Kamis, 10 Januari 2019 07:26

digtara.com | JAKARTA – Polisi diminta bertindak secara agresif untuk mengungkap motif dan pelaku dibalik adanya aksi teror berupa benda yang diduga bom di rumah dua pimpinan Komisi Pemberantasan Korupsi (KPK).

Dua pimpinan lembaga antirasuah yang diduga menerima teror yakni, Ketua KPK Agus Rahardjo dan Wakil Ketua KPK Laode M Syarief. Aparat penegak hukum pun sudah melakukan pemeriksaan terhadap rumah kedua pimpinan lembaga antirasuah itu.

“Aparat keamanan harus lebih agresif menangani kasus ini,” ucap Pakar hukum pidana Universitas Trisakti, Abdul Hajar Fickar kepada Okezone, Kamis (10/1/2019).

Menurut Fickar, teror ini dapat diindikasikan sebagaimana bentuk teror terhadap pihak pemberantas korupsi. Pasalnya, kata Fickar, hal seperti ini, merupakan gerakan-gerakan upaya pembungkaman seperti yang dialami oleh Novel Baswedan.

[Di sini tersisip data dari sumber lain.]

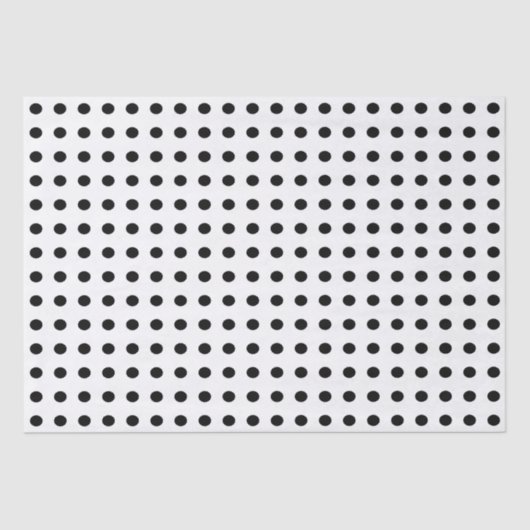 Zwart-witte poka Dots Tissuepapier (Voorkant)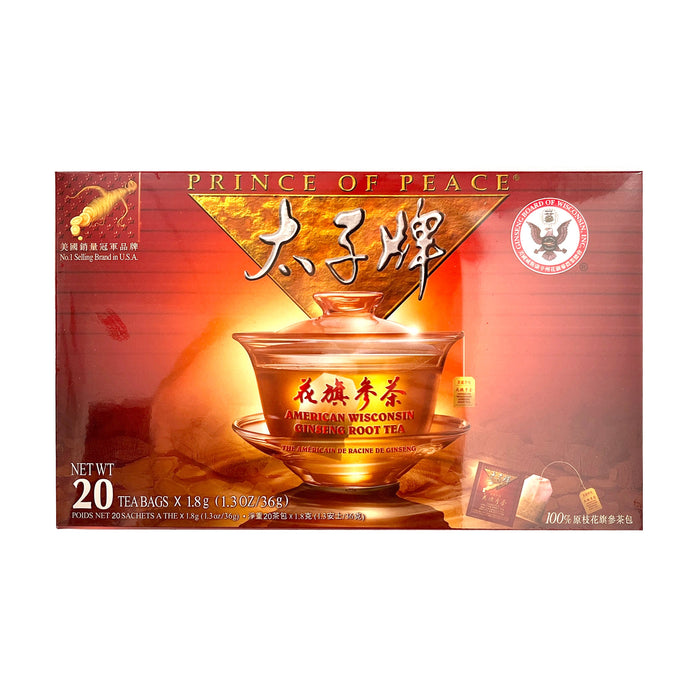Prince of Peace American Ginseng Tea - 20 Tea Bags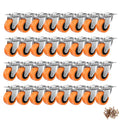 1.5 Inch Casters, ASHGOOB Caster Wheels/Casters Set of 32, 360° Swivel Universal Plate Caster Wheels for Storage Box/Small Furniture/Kitchen Appliances, Orange Polyurethane (PU) Castors (32 Pack)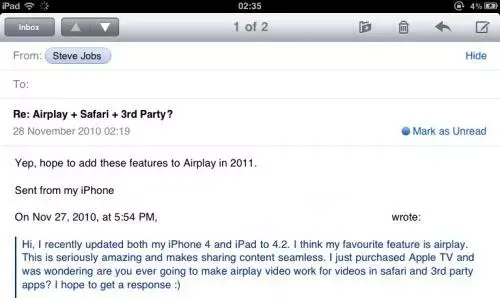 AirPlay : du nouveau en 2011 ?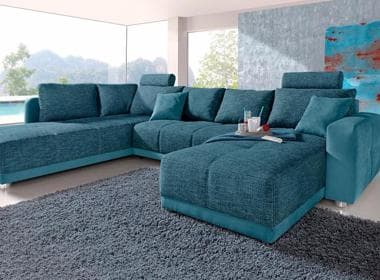 Petrolfarbene Sofas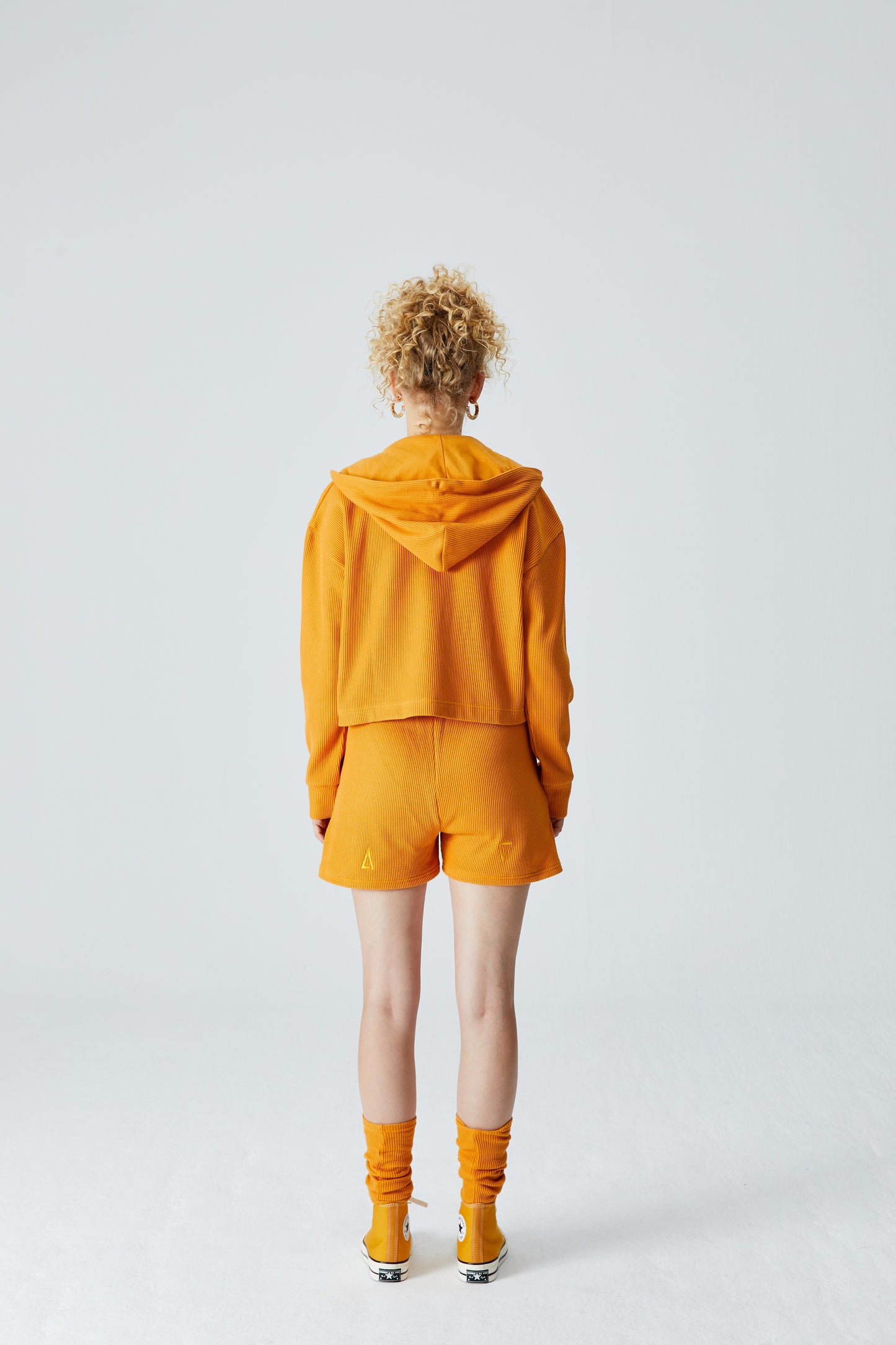 Waffle Zipper Sweatshirt - Sundial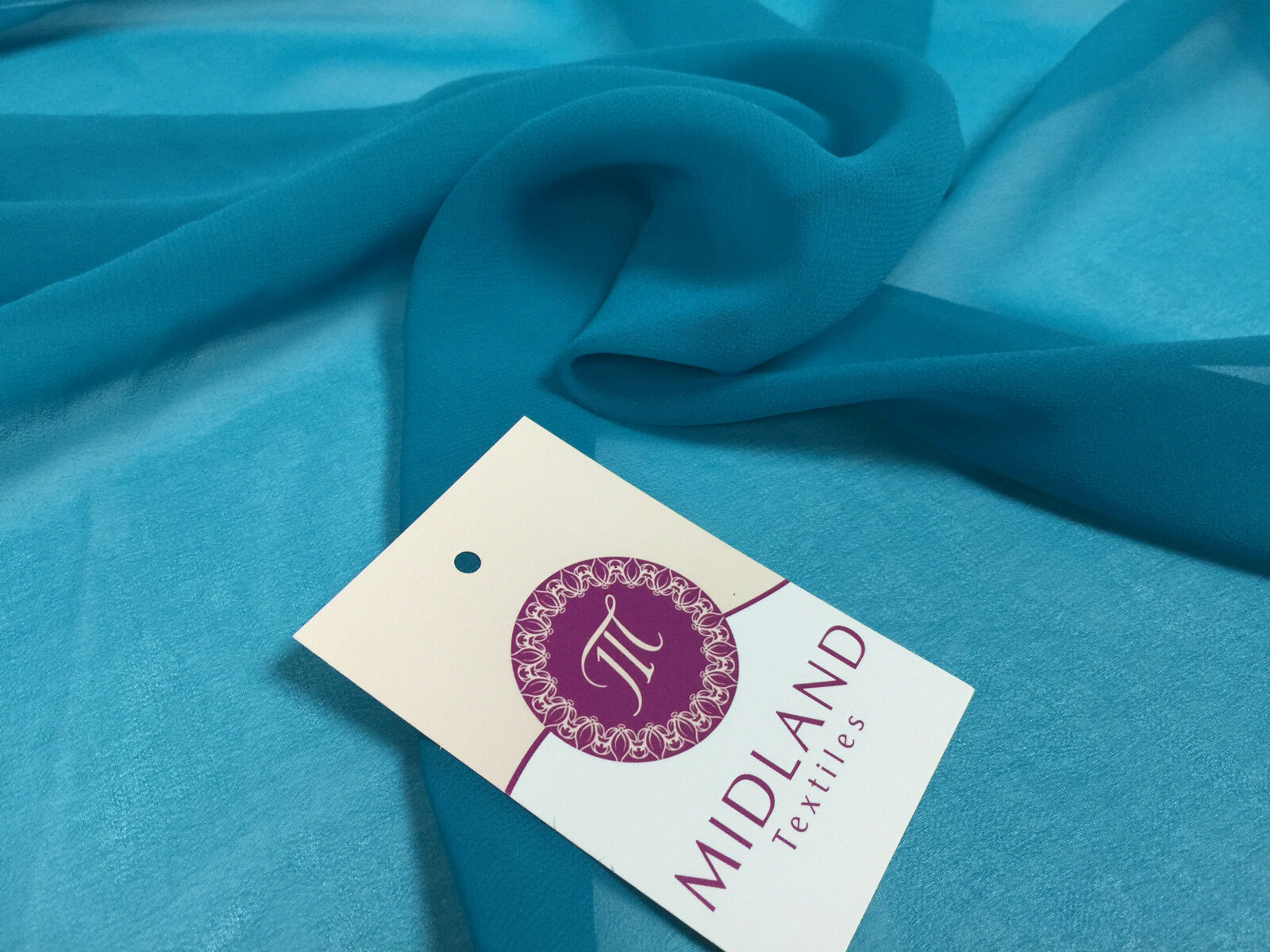 Moss Crepe Chiffon Sheer Fabric Semi-Transparent 44' 100% Polyester M430 Mtex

Oleh sebab itu, Fickar menekankan, aparat kepolisian harus bergerak secara cepat dan profesional agar, kejadian teror terhadap pegawai KPK tidak kembali terulang ke yang lainnya.

“Agar tidak terus berlanjut terhadap KPK dan personilnya. Ya kalau benar bom molotov, maka ini jelas terror dan harus diusut dengan tuntas,” tutur Fickar.

Diketahui sebelumnya, dua rumah pimpinan KPK yakni, Agus Rahardjo dan Laode M Syarief diteror benda yang diduga bom oleh orang tidak dikenal, pada Rabu 9 Januari 2019, dini hari. Kejadian di dua lokasi tersebut waktunya tidak berselang lama.

Di rumah Agus di daerah‎ Bekasi ditemukan tas berisi benda mencurigakan berupa paku, kabel, paralon, batre panasonic, hingga serbuk yang diduga semen putih. Benda tersebut diduga bom rakitan berjenis high ekspolsive.

Sementara di rumah Syarief, terdapat pecahan botol dengan sumbu serta bekas kepulan asap yang diduga merupakan bom molotov. Hingga kini, polisi masih menyelidiki kasus dugaan teror bom di rumah dua pimpinan KPK tersebut.